In php regular expressions are very useful for extract information from a string, files, documents etc. So we have divided the lessons into different days so that you can learn without any pressure.
Lesson 1: Letters
In this tutorial we will discuss regular expressions as characters and we will write patterns to match a specific sequence of characters.
$string = “abcdefgh \n abcdef \n abc”;
$pattern = “/abcd(.*)/”;
preg_match_all($pattern, $string, $matches);
print_r($matches[0]);
Output:
Array ( [0] => abcdefgh [1] => abcdef )
Lesson 2: Digits
Here we will introduce any digits from 0 to 9 to match specific sequence of characters. Because no one know where characters includes digits as well.
$string = “abc123xyz \n var g = 456 \n hello 123”;
$pattern = “/(.*)123(.*)/”;
preg_match_all($pattern, $string, $matches);
print_r($matches[0]);
Output:
Array ( [0] => abc123xyz [1] => hello 123 )
Lesson 3: Character Period
dot(.) can match any single characters i.e. letter. digit, whitespace. Dot(.) can be escape by \. accordingly.
$string = “title. \n 123. \n +-. \n chess”;
$pattern = “/(.*)\.(.*)/”;
preg_match_all($pattern, $string, $matches);
print_r($matches[0]);
Output:
Array ( [0] => title. [1] => 123. [2] => +-. )
Lesson 4: Only a, b, or c
In regular expressions there is a method where you want to match specific characters. For e.g. [abc] will match a single a, b and c.
$string = “can \n man \n ran \n fan”;
$pattern = “/[cmf]an/”;
preg_match_all($pattern, $string, $matches);
print_r($matches[0]);
Output:
Array ( [0] => can [1] => man [2] => fan )
Lessons 5: Not a, b, nor c
Similar to above lesson if you want to exclude specific characters then you can do so by using [^abc] that match any single characters except a, b, c etc.

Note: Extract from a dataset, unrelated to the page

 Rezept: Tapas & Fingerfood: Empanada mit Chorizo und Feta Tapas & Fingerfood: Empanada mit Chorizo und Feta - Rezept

$string = “can \n man \n ran \n fan”;
$pattern = “/[^rm]an/”;
preg_match_all($pattern, $string, $matches);
print_r($matches[0]);
Output:
Array ( [0] => can [1] => fan )
Lessons 6: Characters a to z / Numbers 0 to 9
You can match or exclude for a specific range of characters by using “-“. For e.g. [1-5] will match 1 to 5, [^a-c] will match any characters except a to c.
$string = “Anc \n Fob \n Ppc \n bax \n byy \n bcz”;
$pattern = “/[A-c][n-p][a-c]/”;
preg_match_all($pattern, $string, $matches);
print_r($matches[0]);
Output:
Array ( [0] => Anc [1] => Fob [2] => Ppc )
Lessons 7: Repeat characters
How can you match if there are more than one character i.e. repetitions of characters? The solutions is using the curly braces. For e.g. a{3} will match exactly three times. a{1,4} will match not more than 4 times but not less than 1. a{2,} will match 2 or more.
$string = “helllllo \n helllo \n hello”;
$pattern = “/hel{2,4}o/”;
preg_match_all($pattern, $string, $matches);
print_r($matches[0]);
Output:
Array ( [0] => helllo [1] => hello )
Lessons 8: Repeat zero or more
Sometime user can write the price as $10,000 and some times $10. So you do not know where to drop and where to pick up.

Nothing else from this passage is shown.